Saint-Malo’s Field

St-Malo’s Field

I never knew that there were places in Canada where one could stand and be surrounded by a rainbow of brightly coloured earth—ochres and umbers creating every imaginable shade of yellow, red, and brown. But, I’ve discovered that Saint-Malo, in Quebec, is one such place …
In researching possible places to explore for local-colour pigments on a recent trip to eastern Canada, I came across a reference by J. Obalski from 1889 in which he talked about the hundreds of acres that were then being worked by a paint company from Montreal which had produced 800 tons of ochre in that year alone. Another source from the period also reported that while this location produced mainly burnt-reds and greenish-umbers, it had a wide range of colours. With descriptions like this, I needed to see it for myself!
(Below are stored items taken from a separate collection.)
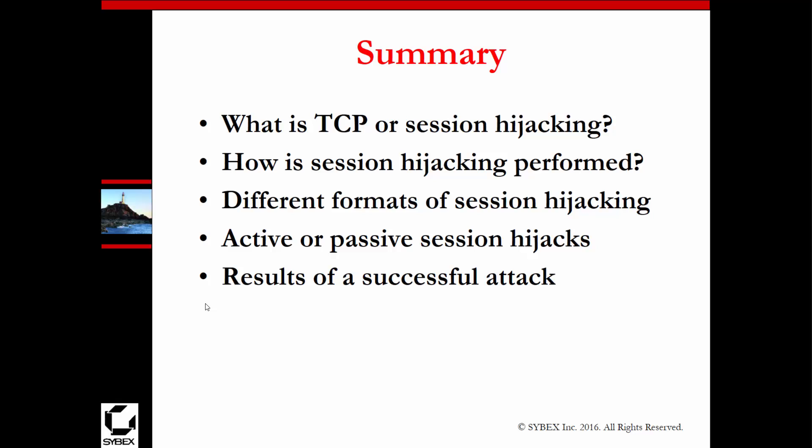Make sure you understand what session hijacking is, how to perform it — active and passive — and what the point of it is. That's chapter 12 in a nutshell. Thank you.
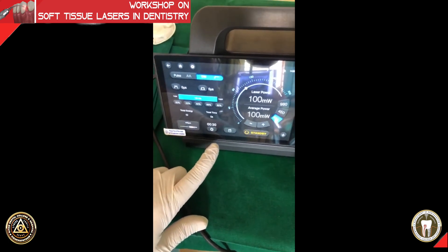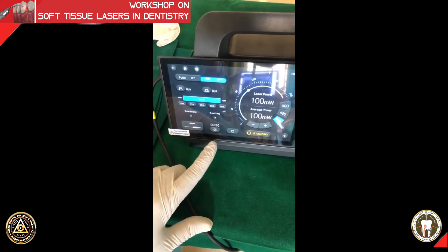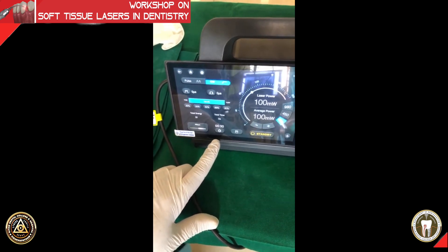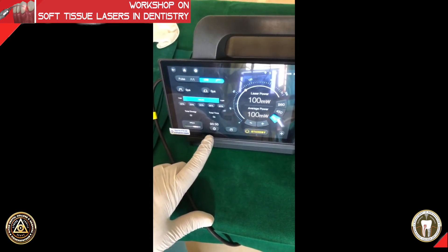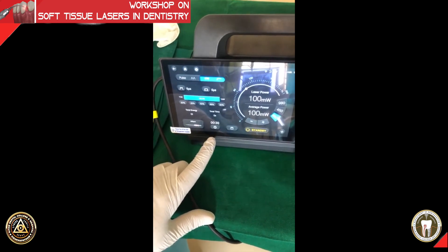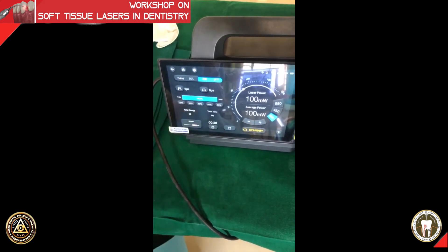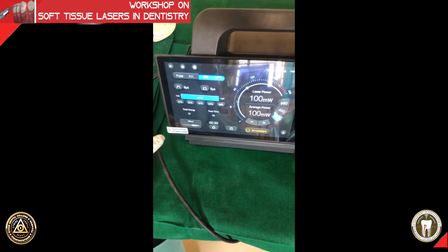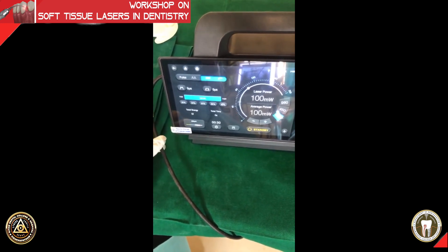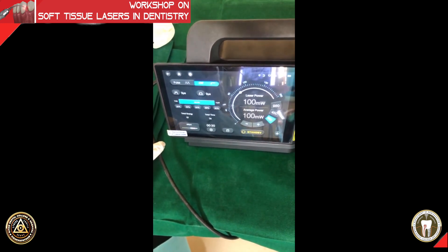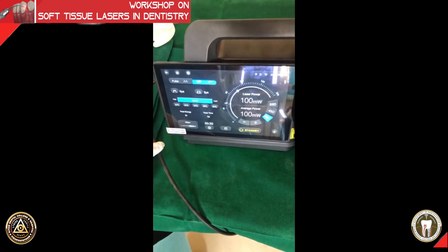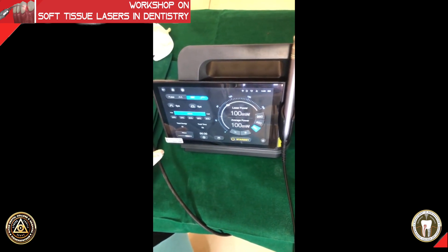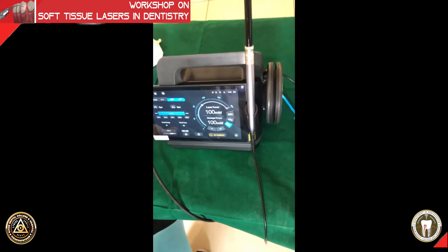There is also a timer on this machine which makes life easy, because otherwise you would have to keep track of time yourself. The duration of irradiation per pocket is normally 30 seconds buccal and 30 seconds lingual, or you can do 15 seconds each for buccal, mesial, lingual, and distal — 15 seconds per site, four sites, with a maximum of 60 seconds total. I have preset it to 30 seconds so the machine goes to standby automatically.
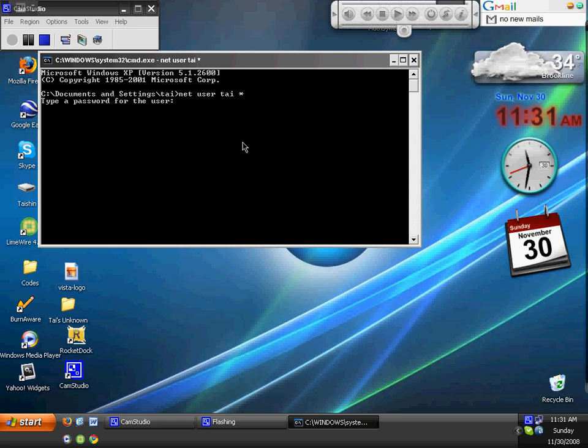you have to retype the password to confirm. If you press Enter and it says the command completed successfully, then you're done.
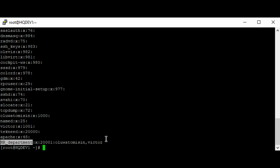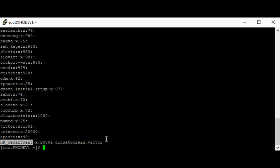Let's look at some group and user management related commands. We have the groupadd command, which is used to create a group. We have the usermod command, used to modify a user's account and add users to a group. We have the groupdel command, used to delete a group. We have the userdel command, used to delete a user from a group. We have the passwd command, used to set or change a user's password. We have the groupmod command, used to modify group settings. And we have the newgrp command, used to log in to a new group.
The area we visited was a wide-open expanse banded with a myriad of earth colours. The family and I were free to run, explore and hunt pigments in this large area. As each child ran along these ridges of colour, they also began playing with the landscape by building pretend mines. I explored the area myself but also made time to visit each pretend mine in turn. I think Adèle’s dig was especially exciting—Just a few inches below the somewhat muted sand was a bright yellow ochre that erupted as she began to dig! I collected two buckets full, and I can’t wait to get back to the studio and begin playing with the colour myself.

“Adele’s Gold” being found by my daughter
A bucket of a new pigment colour for the studio.